In the previous installment of our introduction to functional programming we looked at reading values from nested data structures. In this final post we look at the flip side of working with nested data structures, updating them. If you have not read the previous post yet and are not familiar Elixir, you might want to read it now, as this post builds on that one.

The Challenge

If navigating through a nested data structure to retrieve a value seems challenging, updating a nested structure may appear hopeless, especially since Elixir and FP languages in general have immutable data. In Java and other languages that support mutable data structures we can change nested values in-place. This usually means changing a nested value is no harder than reading it. As long as we can navigate to the value we want to change we can do whatever we want with it.

With immutable data we can’t simply change one value in a data structure. If we want to update a value, we have to return a whole new data structure with the value changed. This is not as bad as it sounds. First of all, since we know the original data structure can’t be changed (immutable, remember?) our new structure can be composed of the original structure plus the part that has changed. Also, we don’t have to construct this ourselves; Elixir provides an API that makes this, well, not easy, but easier than it would be without it.
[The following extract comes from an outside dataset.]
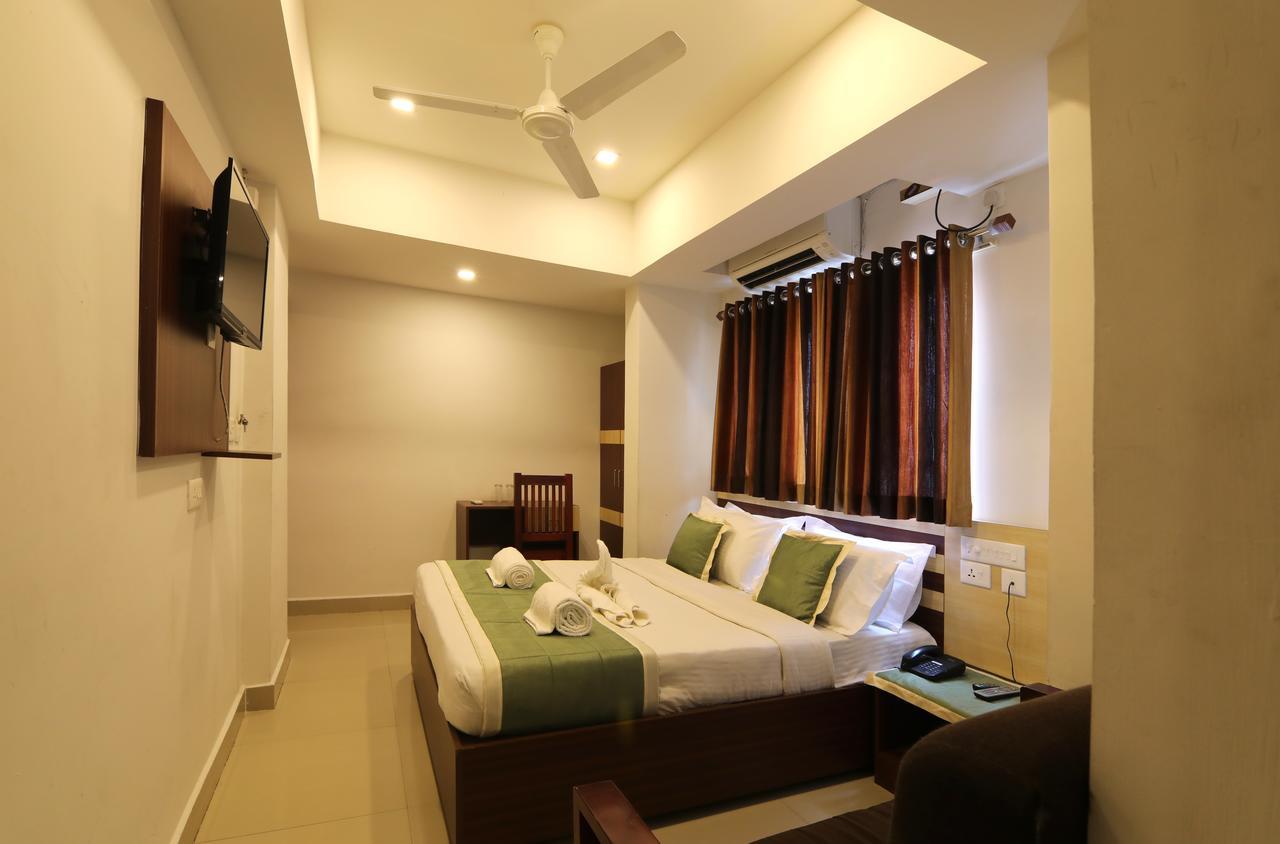 Oyo 18604 Puthens Capitol Inn Kochi Kültér fotó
Let’s start with a fairly simple nested map. Java has no map literals, so we have to construct an empty map and use mutation right out of the gate.

Map<String, Map<String, Integer>> myMap = new HashMap<String, Map<String, Integer>>();
myMap.put("Joe", new HashMap<String, Integer>());
myMap.get("Joe").put("age", 30);
myMap.get("Joe").put("weight", 170);

myMap.put("Bob", new HashMap<String, Integer>());
myMap.get("Bob").put("age", 32);
myMap.get("Bob").put("weight", 172);
=> {Joe={weight=170, age=30}, Bob={weight=172, age=32}}

Elixir supports map literals, so initializing a map is simpler.

my_map = %{"Joe" => %{age: 30, weight: 170}, "Bob" => %{age: 32, weight: 172}} 
=> %{"Bob" => %{age: 32, weight: 172}, "Joe" => %{age: 30, weight: 170}}

As an aside, notice that we use atoms (like symbols in Ruby) for the keys that don’t vary (age, weight) and strings for the keys that do (name).

Let’s say Joe has gained a little weight and we want update our map to reflect this. In Java this is straight-forward. In fact, it’s exactly what we did to initialize our map.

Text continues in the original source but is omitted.